From 4a91a736401518a4cfe3a7f5e814a2510fb39f40 Mon Sep 17 00:00:00 2001
From: Alberto Bertogli <albertogli@telpin.com.ar>
Date: Mon, 3 Oct 2005 18:30:30 +0000
Subject: [PATCH 1/1] Implementar el algoritmo naif de multiplicacion.

---
 src/number.h | 80 ++++++++++++++++++++++++++++++++++++++++++++++++++++
 1 file changed, 80 insertions(+)

diff --git a/src/number.h b/src/number.h
index cab115b..dfd7934 100644
--- a/src/number.h
+++ b/src/number.h
@@ -324,3 +324,83 @@ number < N, E > karatsuba(const number< N, E > &u, const number< N, E > &v)
 
 }
 
+
+/* Algoritmo "naif" (por no decir "cabeza" o "bruto") de multiplicacion. */
+template < typename N, typename E >
+number < N, E > naif(const number< N, E > &u, const number< N, E > &v)
+{
+	typedef number< N, E > num_type;
+
+	// tomo el chunk size de u (el de v DEBE ser el mismo)

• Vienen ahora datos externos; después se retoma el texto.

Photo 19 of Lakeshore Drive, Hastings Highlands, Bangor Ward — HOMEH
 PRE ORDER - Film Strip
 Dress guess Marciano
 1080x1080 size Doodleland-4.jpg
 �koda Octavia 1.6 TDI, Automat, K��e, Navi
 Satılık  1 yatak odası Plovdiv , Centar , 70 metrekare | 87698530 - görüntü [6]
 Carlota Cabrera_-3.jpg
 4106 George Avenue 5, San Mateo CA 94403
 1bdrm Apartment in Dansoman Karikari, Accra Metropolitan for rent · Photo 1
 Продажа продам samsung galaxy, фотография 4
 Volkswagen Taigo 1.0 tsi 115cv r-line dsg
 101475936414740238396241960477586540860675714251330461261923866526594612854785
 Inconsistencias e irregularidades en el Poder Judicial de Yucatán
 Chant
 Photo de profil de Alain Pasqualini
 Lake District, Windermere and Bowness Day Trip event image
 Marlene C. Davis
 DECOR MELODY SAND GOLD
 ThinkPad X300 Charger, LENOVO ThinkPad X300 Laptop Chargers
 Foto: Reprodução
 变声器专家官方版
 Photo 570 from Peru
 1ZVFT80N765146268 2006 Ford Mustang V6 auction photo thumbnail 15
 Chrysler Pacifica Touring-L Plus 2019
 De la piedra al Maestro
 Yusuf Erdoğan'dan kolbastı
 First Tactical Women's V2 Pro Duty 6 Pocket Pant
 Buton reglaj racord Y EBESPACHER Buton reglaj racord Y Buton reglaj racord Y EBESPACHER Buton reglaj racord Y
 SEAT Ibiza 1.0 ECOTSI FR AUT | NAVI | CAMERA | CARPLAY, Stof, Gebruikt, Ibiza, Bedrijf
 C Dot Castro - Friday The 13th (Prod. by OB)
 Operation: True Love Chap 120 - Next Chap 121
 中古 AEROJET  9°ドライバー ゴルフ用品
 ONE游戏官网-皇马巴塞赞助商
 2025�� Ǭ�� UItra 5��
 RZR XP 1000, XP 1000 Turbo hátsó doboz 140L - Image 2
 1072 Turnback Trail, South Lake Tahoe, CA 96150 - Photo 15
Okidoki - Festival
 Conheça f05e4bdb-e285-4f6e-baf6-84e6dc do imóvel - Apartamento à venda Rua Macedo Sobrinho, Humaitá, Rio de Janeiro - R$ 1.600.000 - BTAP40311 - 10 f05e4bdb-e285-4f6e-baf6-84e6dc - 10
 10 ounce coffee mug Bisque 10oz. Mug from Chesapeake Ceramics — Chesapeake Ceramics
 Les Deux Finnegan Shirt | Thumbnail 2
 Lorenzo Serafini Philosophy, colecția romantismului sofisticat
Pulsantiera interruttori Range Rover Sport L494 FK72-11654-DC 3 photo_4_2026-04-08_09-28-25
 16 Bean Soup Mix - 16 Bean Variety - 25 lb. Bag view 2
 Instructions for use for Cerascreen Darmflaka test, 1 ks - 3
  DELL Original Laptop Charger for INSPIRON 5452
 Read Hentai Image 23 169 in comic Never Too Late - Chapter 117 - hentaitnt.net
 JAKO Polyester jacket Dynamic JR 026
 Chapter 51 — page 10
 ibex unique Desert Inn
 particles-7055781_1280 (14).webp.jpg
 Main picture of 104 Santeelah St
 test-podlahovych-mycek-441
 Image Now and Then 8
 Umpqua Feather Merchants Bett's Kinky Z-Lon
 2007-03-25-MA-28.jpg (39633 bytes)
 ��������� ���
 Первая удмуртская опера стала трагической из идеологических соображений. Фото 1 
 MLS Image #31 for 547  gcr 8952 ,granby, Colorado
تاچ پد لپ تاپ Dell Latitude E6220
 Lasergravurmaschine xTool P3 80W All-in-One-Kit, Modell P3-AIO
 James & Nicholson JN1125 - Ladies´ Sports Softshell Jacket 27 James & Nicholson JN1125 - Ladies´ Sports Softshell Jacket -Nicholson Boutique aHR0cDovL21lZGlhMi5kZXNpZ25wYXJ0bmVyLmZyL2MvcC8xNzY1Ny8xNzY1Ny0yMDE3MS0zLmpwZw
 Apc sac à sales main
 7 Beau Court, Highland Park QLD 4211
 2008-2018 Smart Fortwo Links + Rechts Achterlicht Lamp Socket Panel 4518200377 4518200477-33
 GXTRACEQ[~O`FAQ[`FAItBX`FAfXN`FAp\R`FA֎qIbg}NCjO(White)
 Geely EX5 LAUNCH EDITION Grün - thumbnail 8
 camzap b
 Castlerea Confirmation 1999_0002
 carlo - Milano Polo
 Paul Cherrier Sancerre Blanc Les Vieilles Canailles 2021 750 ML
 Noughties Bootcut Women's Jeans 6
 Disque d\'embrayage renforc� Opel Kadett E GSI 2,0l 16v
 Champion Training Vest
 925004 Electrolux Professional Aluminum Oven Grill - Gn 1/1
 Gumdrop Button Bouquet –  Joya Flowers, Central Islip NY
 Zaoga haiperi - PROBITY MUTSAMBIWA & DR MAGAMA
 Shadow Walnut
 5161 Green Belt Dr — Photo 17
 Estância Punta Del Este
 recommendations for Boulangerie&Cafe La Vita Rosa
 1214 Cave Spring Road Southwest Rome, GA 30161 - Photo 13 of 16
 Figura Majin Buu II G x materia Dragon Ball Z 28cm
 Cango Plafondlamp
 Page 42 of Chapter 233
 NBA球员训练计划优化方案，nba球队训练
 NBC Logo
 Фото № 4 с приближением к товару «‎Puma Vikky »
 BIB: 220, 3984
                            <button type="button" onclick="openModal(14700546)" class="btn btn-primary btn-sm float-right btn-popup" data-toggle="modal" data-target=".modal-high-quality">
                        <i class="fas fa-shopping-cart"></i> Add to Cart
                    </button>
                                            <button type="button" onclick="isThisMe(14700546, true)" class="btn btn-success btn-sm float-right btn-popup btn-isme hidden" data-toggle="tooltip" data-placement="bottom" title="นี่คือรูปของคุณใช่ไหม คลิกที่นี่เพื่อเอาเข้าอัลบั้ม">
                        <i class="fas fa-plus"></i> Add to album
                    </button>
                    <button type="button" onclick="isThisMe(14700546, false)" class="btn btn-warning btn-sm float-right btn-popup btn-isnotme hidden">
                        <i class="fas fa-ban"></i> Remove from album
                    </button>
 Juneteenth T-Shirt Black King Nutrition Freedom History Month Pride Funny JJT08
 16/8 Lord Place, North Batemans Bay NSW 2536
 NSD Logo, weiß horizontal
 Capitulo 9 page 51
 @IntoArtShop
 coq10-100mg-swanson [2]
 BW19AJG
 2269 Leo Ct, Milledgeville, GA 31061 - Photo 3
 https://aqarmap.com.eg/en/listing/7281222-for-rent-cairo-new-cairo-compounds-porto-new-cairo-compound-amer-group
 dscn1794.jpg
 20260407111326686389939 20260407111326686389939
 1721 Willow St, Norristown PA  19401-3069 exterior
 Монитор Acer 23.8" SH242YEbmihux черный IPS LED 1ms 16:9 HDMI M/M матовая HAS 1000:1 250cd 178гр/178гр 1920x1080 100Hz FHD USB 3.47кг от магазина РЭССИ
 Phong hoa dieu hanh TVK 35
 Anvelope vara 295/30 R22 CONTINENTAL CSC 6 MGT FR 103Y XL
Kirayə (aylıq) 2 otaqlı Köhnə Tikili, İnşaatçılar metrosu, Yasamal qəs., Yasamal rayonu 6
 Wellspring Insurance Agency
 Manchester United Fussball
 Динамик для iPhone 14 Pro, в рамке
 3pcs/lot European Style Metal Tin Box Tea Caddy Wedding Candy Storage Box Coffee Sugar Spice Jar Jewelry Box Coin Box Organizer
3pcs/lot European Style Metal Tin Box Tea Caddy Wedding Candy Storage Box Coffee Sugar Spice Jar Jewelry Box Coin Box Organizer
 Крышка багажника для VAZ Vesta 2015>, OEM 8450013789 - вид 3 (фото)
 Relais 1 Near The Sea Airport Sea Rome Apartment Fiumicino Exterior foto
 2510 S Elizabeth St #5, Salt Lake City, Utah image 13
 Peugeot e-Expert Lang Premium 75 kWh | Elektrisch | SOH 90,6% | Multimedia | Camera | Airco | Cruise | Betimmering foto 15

+	typename num_type::size_type chunk_size = u.chunk.size();
+
+	sign_type sign;
+
+	if ( (u.sign == positive && v.sign == positive) ||
+			(u.sign == negative && v.sign == negative) ) {
+		sign = positive;
+	} else {
+		sign = negative;
+	}
+
+	//printf("naif %d %d\n", u.chunk.size(), v.chunk.size() );
+
+	if (chunk_size == 1)
+	{
+		/* Si llegamos a multiplicar dos de tamaño 1, lo que hacemos
+		 * es usar la multiplicacion nativa del tipo N, guardando el
+		 * resultado en el tipo E (que sabemos es del doble de tamaño
+		 * de N, ni mas ni menos).
+		 * Luego, armamos un objeto number usando al resultado como
+		 * buffer. Si, es feo.
+		 */
+		E tmp;
+		tmp = (E) u.chunk[0] * (E) v.chunk[0];
+		num_type tnum = num_type((N *) &tmp, 2, sign);
+		//std::cout << "T:" << tnum << " " << tmp << "\n";
+		//printf("1: %lu %lu %llu\n", u.chunk[0], v.chunk[0], tmp);
+		return tnum;
+	}
+
+	std::pair< num_type, num_type > u12 = u.split();
+	std::pair< num_type, num_type > v12 = v.split();
+
+	//std::cout << "u:" << u12.first << " - " << u12.second << "\n";
+	//std::cout << "v:" << v12.first << " - " << v12.second << "\n";
+
+	/* m11 = u1*v1
+	 * m12 = u1*v2
+	 * m21 = u2*v1
+	 * m22 = u2*v2
+	 */
+	num_type m11 = naif(u12.first, v12.first);
+	num_type m12 = naif(u12.first, v12.second);
+	num_type m21 = naif(u12.second, v12.first);
+	num_type m22 = naif(u12.second, v12.second);
+
+	/*
+	printf("csize: %d\n", chunk_size);
+	std::cout << "11 " << m11 << "\n";
+	std::cout << "12 " << m12 << "\n";
+	std::cout << "21 " << m21 << "\n";
+	std::cout << "22 " << m22 << "\n";
+	*/
+
+	/* u*v = (u1*v1) * 2^n + (u1*v2 + u2*v1) * 2^(n/2) + u2*v2
+	 * PERO! Como los numeros estan "al reves" nos queda:
+	 *     = m22 * 2^n + (m12 + m21) * 2^(n/2) + m11
+	 */
+	num_type res;
+	res = m22 << chunk_size;
+	res = res + ((m12 + m21) << (chunk_size / 2));
+	res = res + m11;
+	res.sign = sign;
+	/*
+	std::cout << "r: " << res << "\n";
+	std::cout << "\n";
+	*/
+	return res;
+}
+
+
+
-- 
2.43.0